Daily dollar sale auctions by the Turkish Central Bank have apparently failed to limit the rise of the greenback, which broke a new record of 1.90 Turkish Liras on Tuesday. The appreciation of the U.S. dollar and the euro against the lira comes amid market turmoil over the eurozone crisis, resulting in a massive exit of foreign capital from emerging market assets.
The U.S. dollar was trading just below 1.90 lira on Tuesday, while the euro, which has been depreciating against the dollar itself, was above 2.51 liras. The rise of the greenback remained unfazed by the Central Bank selling $140 million at an average price of 1.8958 liras. The Central Bank, which received a high demand of $375 million, has sold more than $3 billion since the start of August but has failed to limit the depreciation of the Turkish currency.
The lira’s demise not only raises the threat of inflation, but also sounds alarm bells for Turkish companies that are indebted in dollars or euros.

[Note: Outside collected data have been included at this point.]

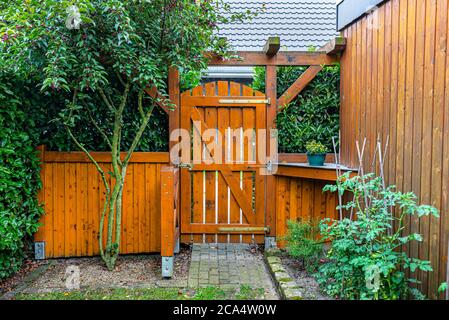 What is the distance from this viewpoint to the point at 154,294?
315 centimetres

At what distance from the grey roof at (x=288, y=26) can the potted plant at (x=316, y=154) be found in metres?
2.67

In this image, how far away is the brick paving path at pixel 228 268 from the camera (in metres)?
3.38

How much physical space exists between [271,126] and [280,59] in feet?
2.53

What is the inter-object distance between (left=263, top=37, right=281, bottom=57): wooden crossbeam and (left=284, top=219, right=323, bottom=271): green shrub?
6.20 ft

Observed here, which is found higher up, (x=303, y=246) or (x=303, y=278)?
(x=303, y=246)

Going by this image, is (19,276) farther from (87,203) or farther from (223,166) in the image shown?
(223,166)

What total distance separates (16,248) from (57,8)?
7.10 feet

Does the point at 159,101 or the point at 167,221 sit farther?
the point at 159,101

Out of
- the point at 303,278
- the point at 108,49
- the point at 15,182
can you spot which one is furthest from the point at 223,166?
the point at 15,182

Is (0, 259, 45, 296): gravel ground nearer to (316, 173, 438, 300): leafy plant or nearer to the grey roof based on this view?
(316, 173, 438, 300): leafy plant

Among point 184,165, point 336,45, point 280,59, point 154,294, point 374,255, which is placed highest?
point 336,45

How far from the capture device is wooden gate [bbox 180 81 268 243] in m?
4.25

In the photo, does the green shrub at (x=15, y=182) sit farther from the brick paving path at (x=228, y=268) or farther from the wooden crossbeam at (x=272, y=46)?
the wooden crossbeam at (x=272, y=46) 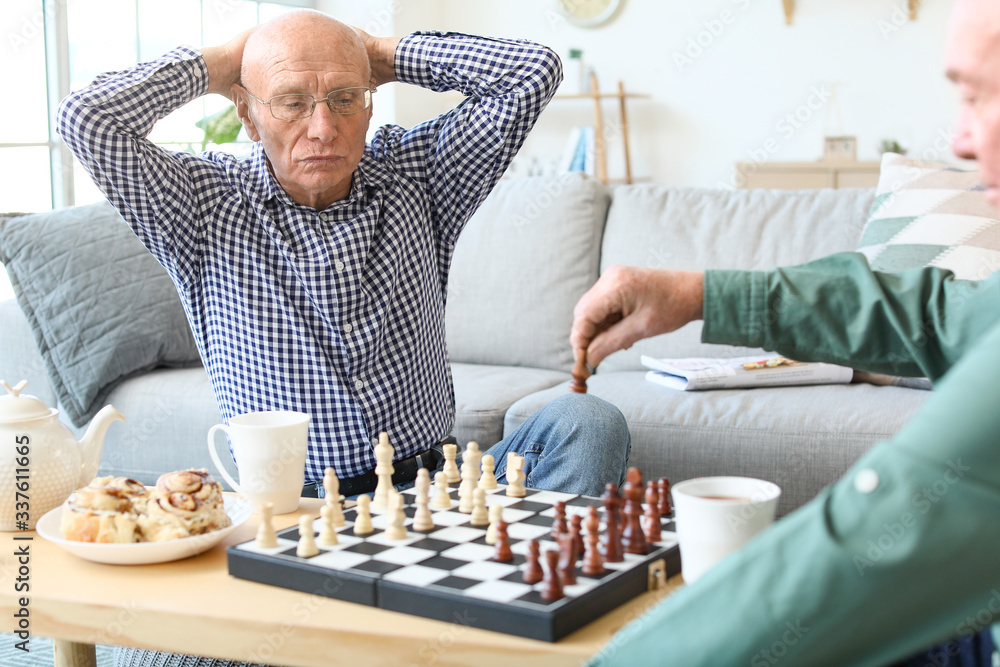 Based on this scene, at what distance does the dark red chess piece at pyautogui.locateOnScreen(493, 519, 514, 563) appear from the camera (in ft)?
3.09

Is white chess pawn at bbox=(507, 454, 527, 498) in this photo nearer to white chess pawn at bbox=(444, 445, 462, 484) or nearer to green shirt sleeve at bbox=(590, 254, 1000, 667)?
white chess pawn at bbox=(444, 445, 462, 484)

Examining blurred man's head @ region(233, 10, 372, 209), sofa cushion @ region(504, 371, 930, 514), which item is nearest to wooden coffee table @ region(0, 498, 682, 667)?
blurred man's head @ region(233, 10, 372, 209)

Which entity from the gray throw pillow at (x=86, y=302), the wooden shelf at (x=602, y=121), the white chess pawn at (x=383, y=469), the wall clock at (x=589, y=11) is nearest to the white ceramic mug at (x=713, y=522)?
the white chess pawn at (x=383, y=469)

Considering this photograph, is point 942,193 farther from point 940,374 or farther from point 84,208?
point 84,208

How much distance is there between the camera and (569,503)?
1146 mm

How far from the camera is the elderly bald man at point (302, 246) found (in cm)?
156

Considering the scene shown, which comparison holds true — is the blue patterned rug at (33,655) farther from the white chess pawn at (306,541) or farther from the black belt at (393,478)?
the white chess pawn at (306,541)

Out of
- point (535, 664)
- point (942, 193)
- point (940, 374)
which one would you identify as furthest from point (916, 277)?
point (942, 193)

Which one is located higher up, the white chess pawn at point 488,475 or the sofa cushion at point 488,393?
the white chess pawn at point 488,475

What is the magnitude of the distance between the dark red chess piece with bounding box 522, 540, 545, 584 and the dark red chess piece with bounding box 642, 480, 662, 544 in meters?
0.16

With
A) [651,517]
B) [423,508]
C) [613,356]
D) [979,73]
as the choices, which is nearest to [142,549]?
[423,508]

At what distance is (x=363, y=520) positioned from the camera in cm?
106

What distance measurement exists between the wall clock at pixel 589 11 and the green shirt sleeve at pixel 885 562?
5069mm

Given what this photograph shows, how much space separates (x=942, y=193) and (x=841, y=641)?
2.00 m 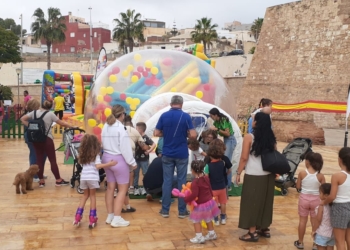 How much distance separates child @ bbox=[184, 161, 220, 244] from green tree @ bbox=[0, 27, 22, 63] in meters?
27.6

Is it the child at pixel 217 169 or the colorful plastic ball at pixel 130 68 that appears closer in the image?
the child at pixel 217 169

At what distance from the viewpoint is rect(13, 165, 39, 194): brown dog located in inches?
287

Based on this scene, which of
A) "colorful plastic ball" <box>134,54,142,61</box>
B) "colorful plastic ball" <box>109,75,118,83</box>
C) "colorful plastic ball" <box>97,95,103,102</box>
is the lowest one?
"colorful plastic ball" <box>97,95,103,102</box>

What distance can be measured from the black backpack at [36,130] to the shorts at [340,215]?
5111 mm

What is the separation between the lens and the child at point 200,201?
16.3 ft

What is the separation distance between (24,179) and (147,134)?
222 centimetres

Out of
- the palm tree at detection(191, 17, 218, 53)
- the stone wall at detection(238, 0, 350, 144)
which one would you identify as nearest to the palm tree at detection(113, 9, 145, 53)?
the palm tree at detection(191, 17, 218, 53)

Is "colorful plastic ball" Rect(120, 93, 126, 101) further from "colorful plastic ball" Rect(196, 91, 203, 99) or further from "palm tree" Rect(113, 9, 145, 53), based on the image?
"palm tree" Rect(113, 9, 145, 53)

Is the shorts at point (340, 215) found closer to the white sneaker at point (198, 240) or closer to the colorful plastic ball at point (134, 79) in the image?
the white sneaker at point (198, 240)

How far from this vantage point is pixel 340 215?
4246 mm

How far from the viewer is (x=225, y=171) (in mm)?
5691

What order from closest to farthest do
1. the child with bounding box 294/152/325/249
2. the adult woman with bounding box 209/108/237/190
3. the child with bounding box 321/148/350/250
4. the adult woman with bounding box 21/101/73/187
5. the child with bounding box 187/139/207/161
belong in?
the child with bounding box 321/148/350/250, the child with bounding box 294/152/325/249, the child with bounding box 187/139/207/161, the adult woman with bounding box 209/108/237/190, the adult woman with bounding box 21/101/73/187

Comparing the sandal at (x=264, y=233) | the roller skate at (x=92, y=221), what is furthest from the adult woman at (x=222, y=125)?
the roller skate at (x=92, y=221)

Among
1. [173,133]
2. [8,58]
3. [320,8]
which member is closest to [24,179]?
[173,133] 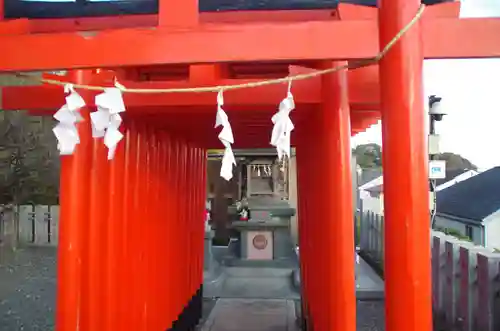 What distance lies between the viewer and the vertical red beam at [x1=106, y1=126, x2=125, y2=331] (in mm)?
3205

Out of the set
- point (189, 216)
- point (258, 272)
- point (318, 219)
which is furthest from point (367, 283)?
point (318, 219)

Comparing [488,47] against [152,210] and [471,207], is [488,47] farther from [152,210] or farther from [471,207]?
[471,207]

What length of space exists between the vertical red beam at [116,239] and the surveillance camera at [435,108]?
6.41 meters

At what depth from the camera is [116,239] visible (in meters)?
3.32

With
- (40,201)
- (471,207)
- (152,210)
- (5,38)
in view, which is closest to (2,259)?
(40,201)

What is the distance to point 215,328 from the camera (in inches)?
245

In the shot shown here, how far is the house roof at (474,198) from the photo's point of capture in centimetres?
1550

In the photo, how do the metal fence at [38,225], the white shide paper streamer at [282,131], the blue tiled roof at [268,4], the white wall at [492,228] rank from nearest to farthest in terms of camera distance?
the white shide paper streamer at [282,131] → the blue tiled roof at [268,4] → the metal fence at [38,225] → the white wall at [492,228]

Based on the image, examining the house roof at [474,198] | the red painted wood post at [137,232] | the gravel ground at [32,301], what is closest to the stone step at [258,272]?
the gravel ground at [32,301]

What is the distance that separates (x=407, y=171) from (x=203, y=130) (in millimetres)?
3196

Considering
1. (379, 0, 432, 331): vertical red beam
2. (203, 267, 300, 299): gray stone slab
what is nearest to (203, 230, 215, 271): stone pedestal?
(203, 267, 300, 299): gray stone slab

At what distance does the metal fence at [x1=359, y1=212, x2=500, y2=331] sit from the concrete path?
210 centimetres

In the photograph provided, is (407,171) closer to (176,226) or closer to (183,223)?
(176,226)

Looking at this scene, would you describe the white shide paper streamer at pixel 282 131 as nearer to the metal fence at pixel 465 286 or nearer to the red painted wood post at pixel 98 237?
the red painted wood post at pixel 98 237
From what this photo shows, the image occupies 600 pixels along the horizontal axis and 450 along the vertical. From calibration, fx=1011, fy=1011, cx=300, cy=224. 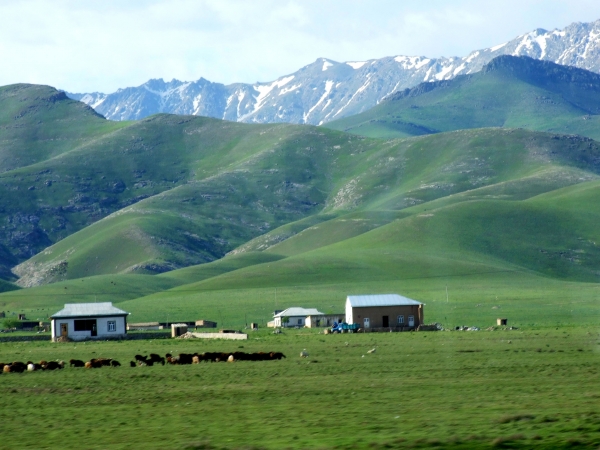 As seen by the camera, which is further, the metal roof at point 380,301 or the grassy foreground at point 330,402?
the metal roof at point 380,301

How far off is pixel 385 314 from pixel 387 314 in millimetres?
178

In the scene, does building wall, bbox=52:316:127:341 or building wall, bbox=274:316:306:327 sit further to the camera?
building wall, bbox=274:316:306:327

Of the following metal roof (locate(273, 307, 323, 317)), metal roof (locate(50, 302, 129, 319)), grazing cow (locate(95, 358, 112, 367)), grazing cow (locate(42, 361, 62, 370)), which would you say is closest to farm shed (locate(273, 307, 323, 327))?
metal roof (locate(273, 307, 323, 317))

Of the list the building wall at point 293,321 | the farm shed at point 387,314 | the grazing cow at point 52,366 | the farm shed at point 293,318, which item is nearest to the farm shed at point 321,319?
the farm shed at point 293,318

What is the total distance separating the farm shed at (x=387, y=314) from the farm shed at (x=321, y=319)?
1035 centimetres

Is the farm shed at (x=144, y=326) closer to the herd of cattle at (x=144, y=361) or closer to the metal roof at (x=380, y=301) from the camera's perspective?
the metal roof at (x=380, y=301)

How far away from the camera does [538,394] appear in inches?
1319

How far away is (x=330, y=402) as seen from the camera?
33.7 m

According to data for the first quarter of the year, the net foreign currency deficit of Turkish companies is near $111.8 billion, rising 35.4 percent compared to last year. The short-term net foreign currency deficit of corporations stood at $9.16 billion, increasing by a massive 188 percent.
The deficit was under $20.5 billion in 2003 and has increased every year since. The biggest annual jump, however, has been seen in the past few years.
Though a relief for exporters, the appreciation of the dollar and the euro is a direct threat to corporations that are indebted in foreign currencies. Since the start of 2011, the lira has depreciated by 23.6 percent against the dollar – the greenback was trading at 1.536 in January. The Turkish currency shed 21.6 percent of its value against the euro in the same period.
As of March, foreign currency liabilities of Turkish corporations have increased to $194.7 billion, rising 23.1 percent compared to last year.
The data show that since 2003, the foreign currency risk of corporations has surged by $91.3 billion, or 446 percent.
“We [recently saw] an annual current account deficit of $75 billion in a $732 billion economy – 10 percent of gross domestic product is the current account deficit,” economist Selim Somçağ said.
According to Somçağ, the lira’s depreciation will continue until the gap is closed, and Turkey is bound to “pay a heavy price.”
“Global liquidity, which mostly consists of dollars, will decrease,” Somçağ said. “Currently, we see a shift in this liquidity, which goes back to its homeland. That’s why the dollar is surging.”
“Turkey spent the income it did not have,” Somçağ said. “[Now], we will have to save and decrease our life standards.”